TASK ITEM: After locating the line with "Unisex Jersey Tank - 97DN7PGH - White - 14" below, output it and each following line exactly, stopping after the line with "Kampsportar T-shirt". No pictures.

RECORDS:

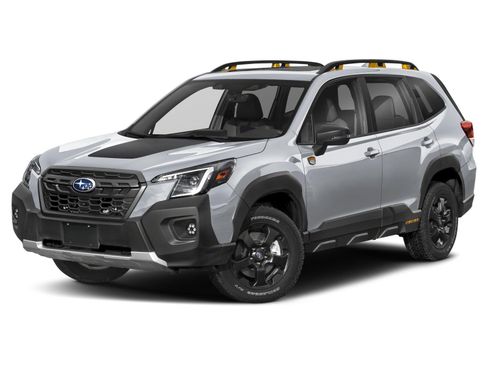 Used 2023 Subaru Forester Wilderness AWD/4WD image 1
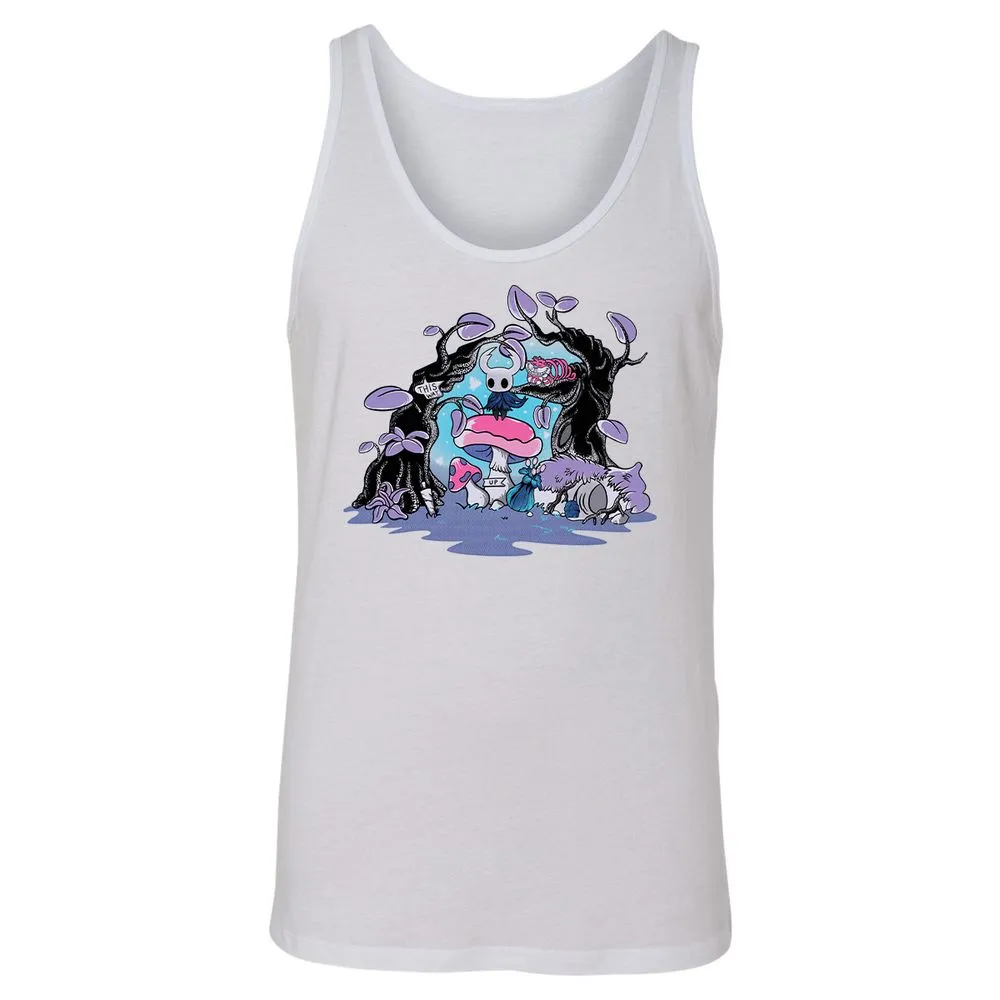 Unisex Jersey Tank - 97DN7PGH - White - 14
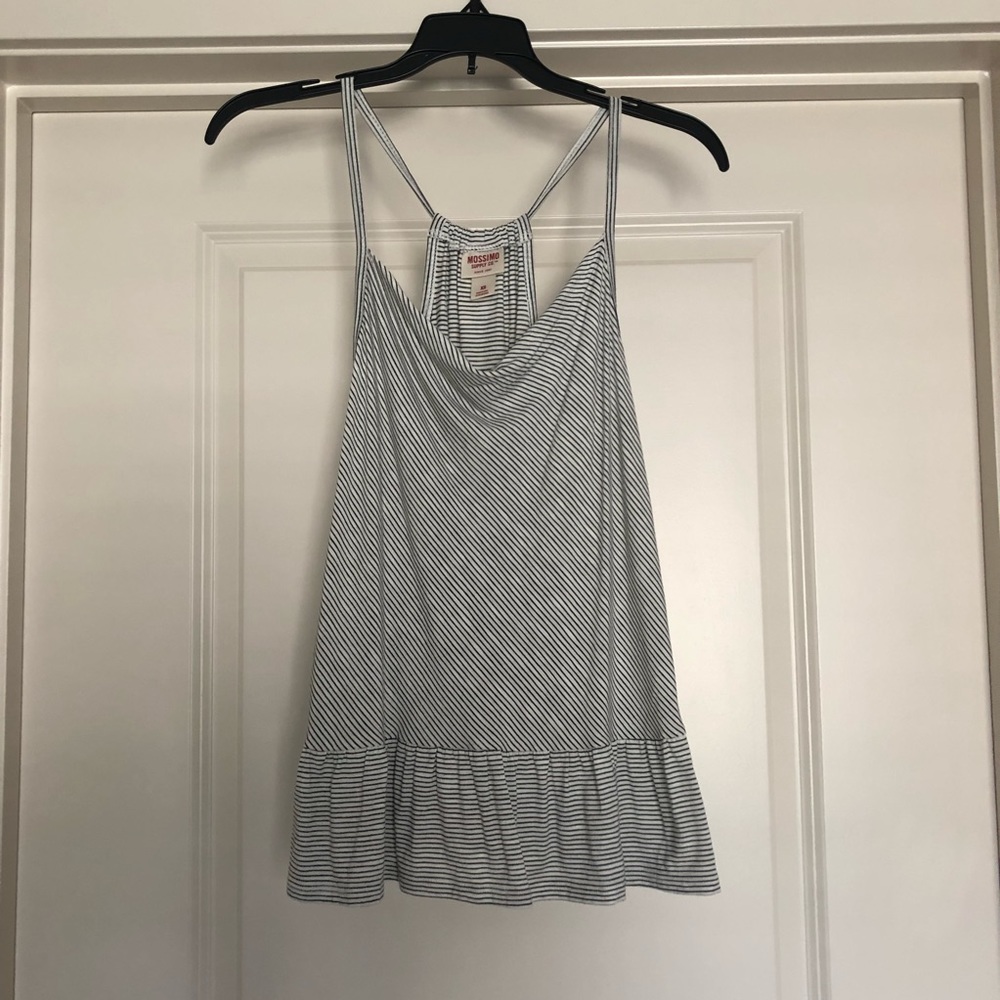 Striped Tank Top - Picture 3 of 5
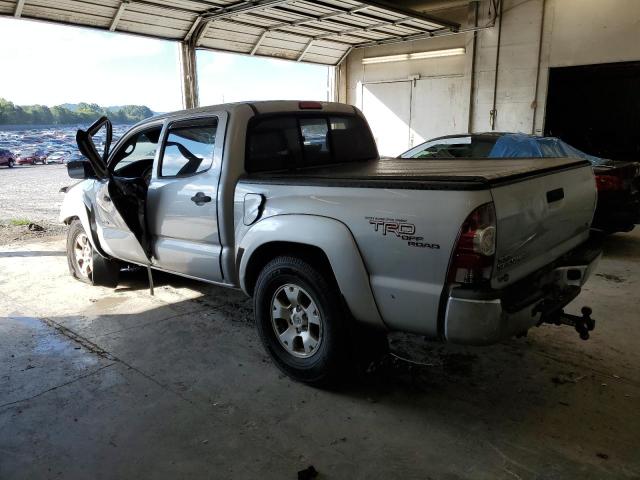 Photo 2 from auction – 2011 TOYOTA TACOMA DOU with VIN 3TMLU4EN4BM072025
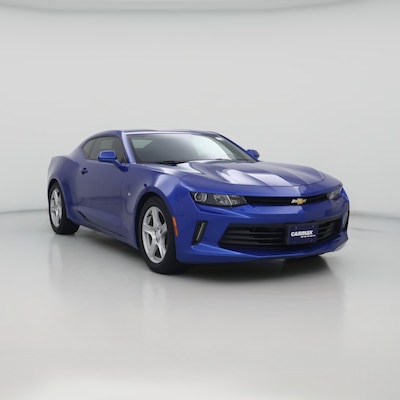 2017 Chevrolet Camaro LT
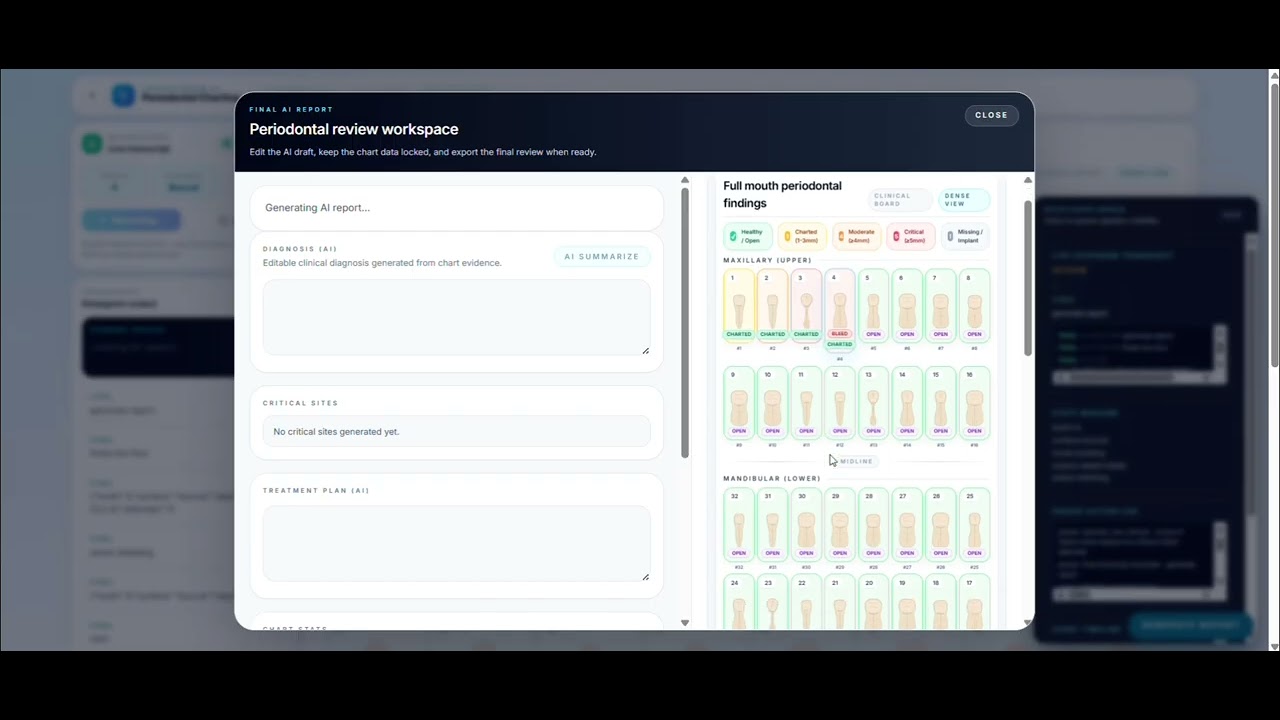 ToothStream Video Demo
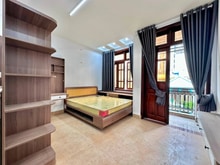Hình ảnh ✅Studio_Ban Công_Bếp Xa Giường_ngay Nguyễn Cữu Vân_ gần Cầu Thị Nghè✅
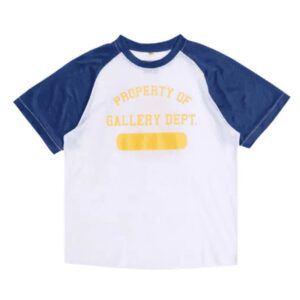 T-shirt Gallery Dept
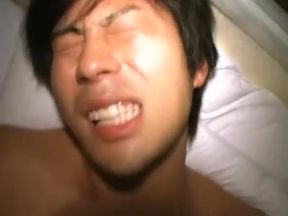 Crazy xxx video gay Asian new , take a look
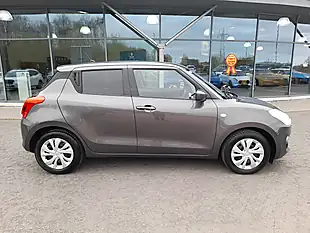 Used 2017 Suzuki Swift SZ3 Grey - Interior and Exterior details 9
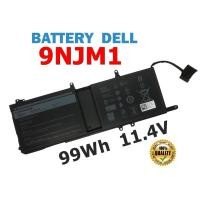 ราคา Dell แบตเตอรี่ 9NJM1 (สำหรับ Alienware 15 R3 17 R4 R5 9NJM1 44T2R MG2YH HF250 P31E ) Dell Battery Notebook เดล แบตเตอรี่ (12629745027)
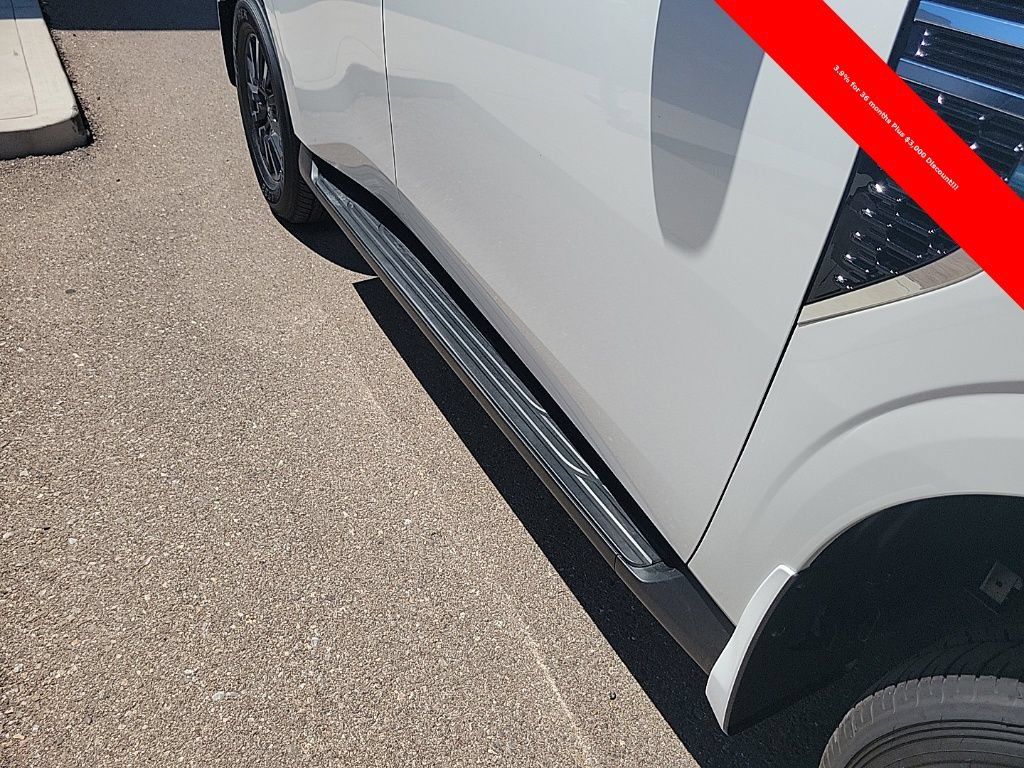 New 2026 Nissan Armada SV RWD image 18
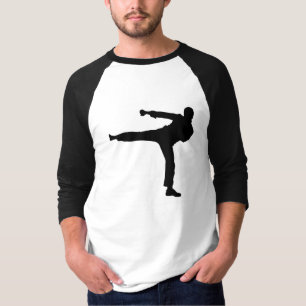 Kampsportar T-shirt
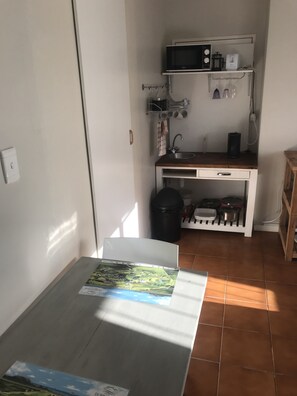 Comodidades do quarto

OUTPUT:
 Unisex Jersey Tank - 97DN7PGH - White - 14
 Striped Tank Top - Picture 3 of 5
 Photo 2 from auction – 2011 TOYOTA TACOMA DOU with VIN 3TMLU4EN4BM072025
 2017 Chevrolet Camaro LT
 ToothStream Video Demo
Hình ảnh ✅Studio_Ban Công_Bếp Xa Giường_ngay Nguyễn Cữu Vân_ gần Cầu Thị Nghè✅
 T-shirt Gallery Dept
 Crazy xxx video gay Asian new , take a look
 Used 2017 Suzuki Swift SZ3 Grey - Interior and Exterior details 9
 ราคา Dell แบตเตอรี่ 9NJM1 (สำหรับ Alienware 15 R3 17 R4 R5 9NJM1 44T2R MG2YH HF250 P31E ) Dell Battery Notebook เดล แบตเตอรี่ (12629745027)
 New 2026 Nissan Armada SV RWD image 18
 Kampsportar T-shirt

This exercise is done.